In one exercise, leaders underwent a series of leadership-style and personality-type assessments, and then analyzed their own influence approaches and how to adapt styles to communicate more effectively with those across the table.
These exercises necessitated participants’ full commitment—and at times vulnerability—while avoiding overly contrived trust-building exercises. This intentionality was essential to ensuring the network of participants would reach their full collective potential. The participants gained insight about themselves, how they show up at work, and how to engage with colleagues more authentically to communicate with greater impact.
Being around RF colleagues and partners has had an immediate impact on my day-to-day,” said Andrew Sweet, Vice President for Innovation at The Rockefeller Foundation. “Our team has already started to take action on improving how meetings are run and building a common understanding for how to build and re-build trust.”

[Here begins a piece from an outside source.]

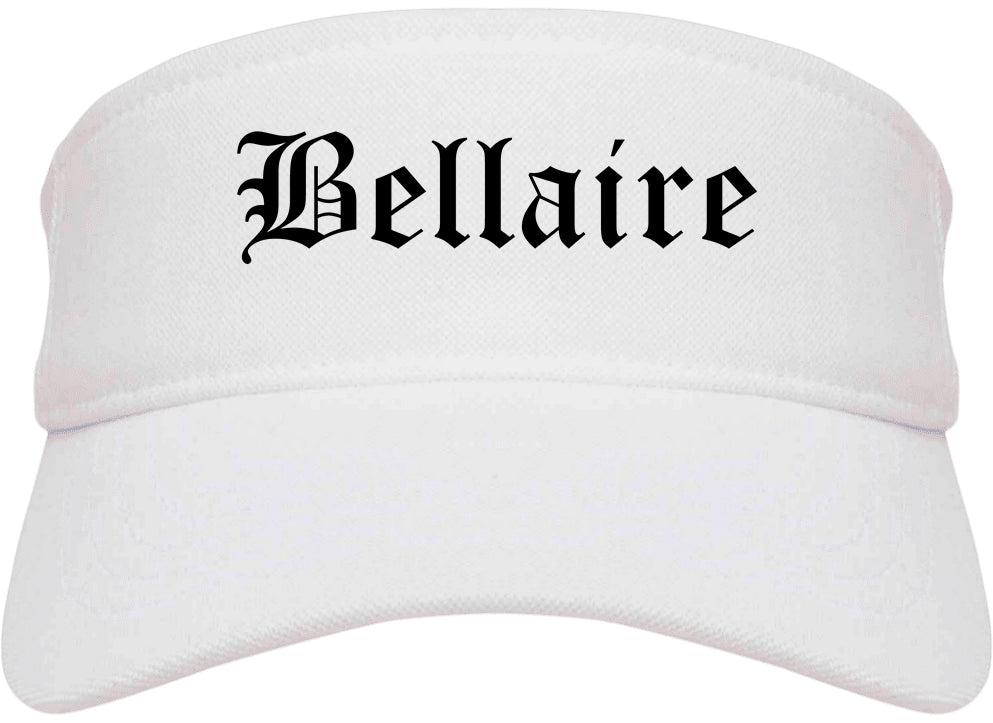 Bellaire Texas TX Old English Mens Visor Cap Hat White
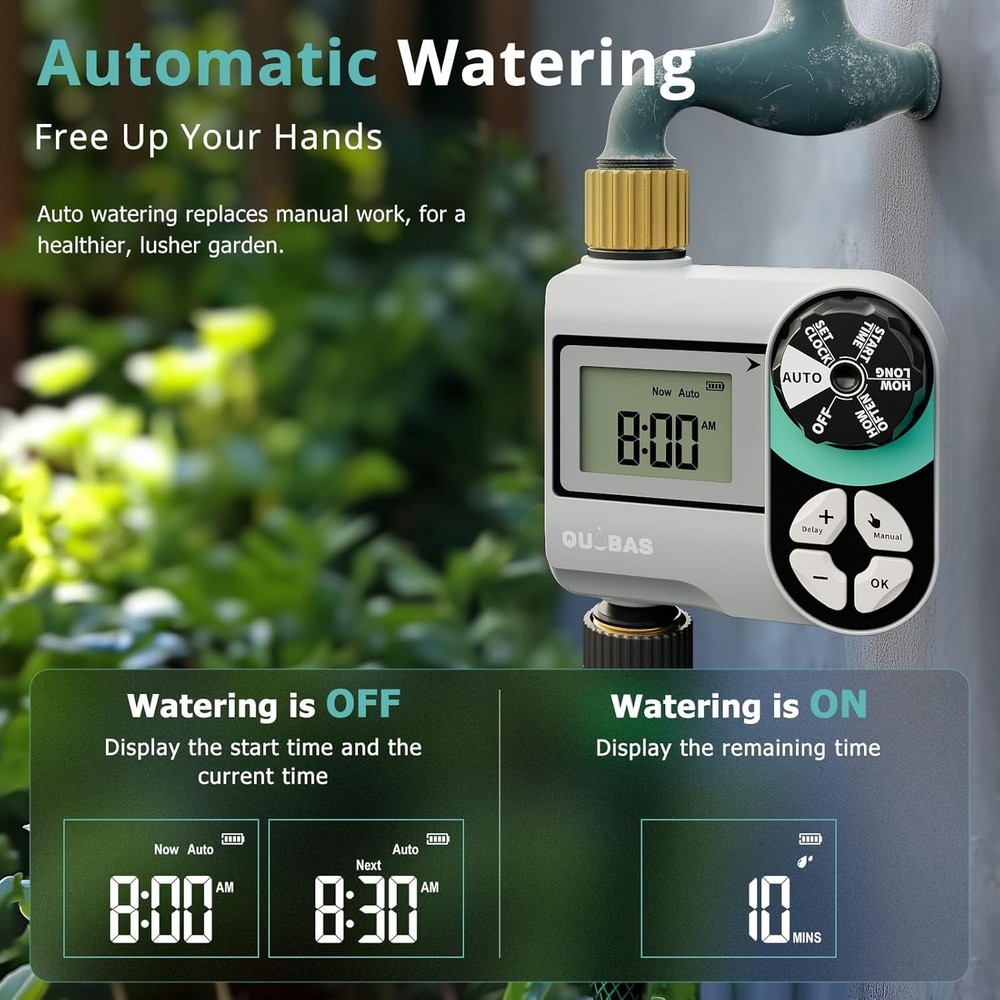Brass Water Timer - Programmable Garden Hose Faucet Controller - Waterproof L...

- Learned leadership traits can be shaped through inter-organizational learning approaches, multi-dimensional feedback and relationship-building. Opening up to a diversity of mindsets, data, personality types, expertise, and leadership styles makes us more informed and experienced leaders and can trigger creative problem-solving for collective good. Just because someone may have a personality type where confrontation is more difficult does not mean they will never be able to voice a strong opinion in a meeting. Development learning should enable leaders to stretch their capacity and equip them with strategies for how to thrive in their work environment. This can be done by offering and requesting feedback and having partners in accountability for practicing new behaviors and applications.